Örneğin, işveren bir Anonim Şirket ise; a)Şirket yöneticisi veya yöneticileri mi?
b)Şirketi temsile yetkili kişi veya kişiler mi? c)Şirket Tüzel kişiliği mi?,d)Şirket ortakları mı?, e)Şirket tüzel kişiliğinin maaş veya ücret işleriyle görevlendirdiği kişiler mi sorumlu tutulacaktır.?
“Borçlunun böyle bir maaş veya ücreti haczedilince, icra dairesi borçlunun yanında çalıştığı işverene durumu bir yazı ile bildirir. İşverenden maksat, devlet dairelerinde mal memuru veya daire ita amiri,özel işyerlerinde ise o işyerinin yönetimi ile görevli kimsedir.” [Bkz.Prof.Dr.Baki KURU-Prof.Dr.Ramazan ARSLAN,Prof.Dr.Ejder YILMAZ,İcra ve İflas Hukuku Ders Kitabı 19.Baskı-Yetkin Yayınları Ankara 2005 sayfa:283] Belirtilen kitapta işyerinin yönetimi ile görevli kimse denilmekte ise de bizce işveren tüzel kişinin yönetimi ile görevli kişi veya kişiler demek daha uygun olacaktır. Çünkü, işverenin çok sayıda işyeri olabilir. Borçlunun çalıştığı işyerini kapatıp işyeri yöneticilerini işten çıkarmış ve işsiz bırakmış da olabilir. Bizce, konu olayda sorumlu işveren şirketin ticaret sicilinde yazılı yöneticileri veya yöneticileri yazılı değilse yetkili temsilcileri olmalıdır.

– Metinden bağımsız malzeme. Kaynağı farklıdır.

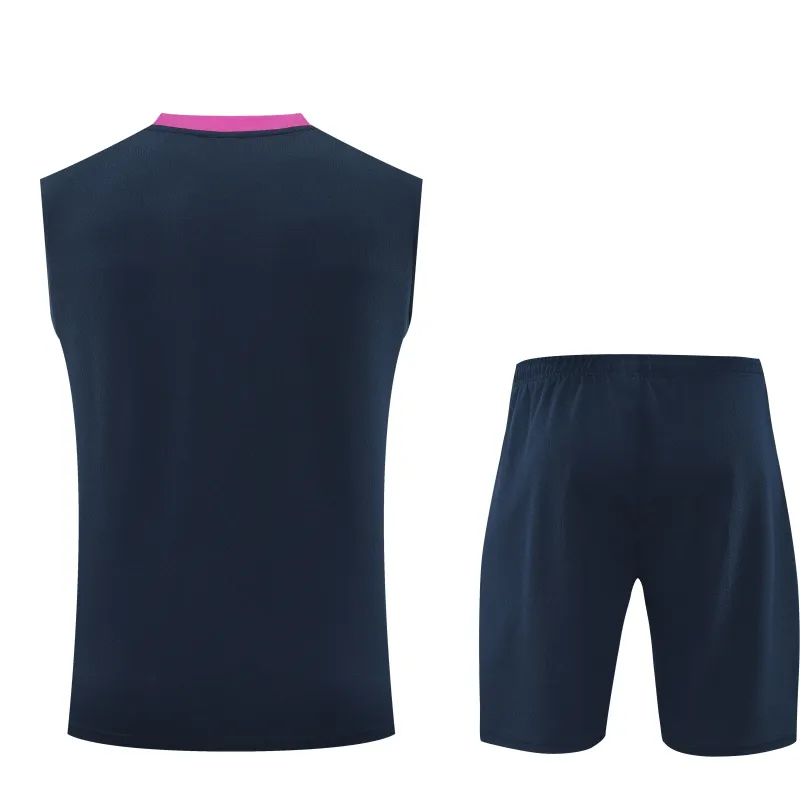 FC Barcelona 2025/26 Sleeveless Training Kit Blue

Çünkü,şirket tüzel kişiliği icra dairesine yöneticilerini ve yetkili temsilcilerini bildirmediğine göre bunlar en sağlıklı ve güvenli olarak ilgili ticaret sicil memurluğundan öğrenilebilecektir. Tutar yönüne gelince; İşveren bildirmedikçe icra dairesinin borçlunun gerçekte aldığı maaş veya ücreti öğrenebilmesi pek olanaklı değildir. Burada, en son yapılabilecek olan işçinin asgari ücretle çalıştığını varsaymaktır. İİK.m.356 bağlamında maaş-ücret haczi kesintisi yapması gerekip de yapmamış olanların kesinti yapmadıkları ay sayısı ile borçlunun maaşının ¼’ünün çarpımı sonucu çıkan tutar kadar sorumlu tutulabileceği sonucu çıkarılabilecektir. Yani sorumluların bu tutar kadar maaş veya ücretlerine veya mallarına karşı hükme hacet kalmaksızın cebri işlem uygulanacaktır.
Yukarıdaki bilgiler ışığında dosyamız incelendiğinde;
Dosyamızda maaş haczi gönderilen ... Tic. Ltd. Şti'nin Tüzel kişilikli iş yeri olduğu anlaşılmıştır. Bu itibarla ;

1) Mezkur Tüzel Kişilikte Maaş ve Ücreti kesmeyen yönetici,temsilci,yetkili kişi veya kişilerin isim,soy isim ve kimlik bilgilerinin gerek ilgili işyerine gerekse SGK’ya veya Ticaret Sicil Memurluğuna sorulmak suretiyle tespitine,

2) Borçtan sorumlu tutulacak miktarın belirlenmesi için borçlunun hangi tarihler arasında … Tic. Ltd. Şti’de çalıştığının ve kaç lira ücret aldığının SGK’dan sorulmasına,

3) Gelecek cevaba göre tekrar talep halinde maaş kesintisi yapılması gereken tutar (maaşın ¼’ü x kesinti yapılmayan ay sayısı ) üzerinden sorumlular hk. haciz talebinin kabulüne,
Maaş miktarının belirnememesi halinde; maaş-ücret haczi kesintisi yapması gerekip de kesinti yapılmayan ay sayısı ile (borçlunun asgari ücret aldığı varsayılarak) asgari ücretin ¼’ünün çarpımı sonucu çıkacak tutar üzerinden haciz talebinin kabulüne,

4) İİK 357. Maddesi gereğince talep halinde sorumluların 189,00 TL İdari para cezası ile cezalandırılmasına,
İİK 16. Maddeye kabil olmak üzere karar verildi.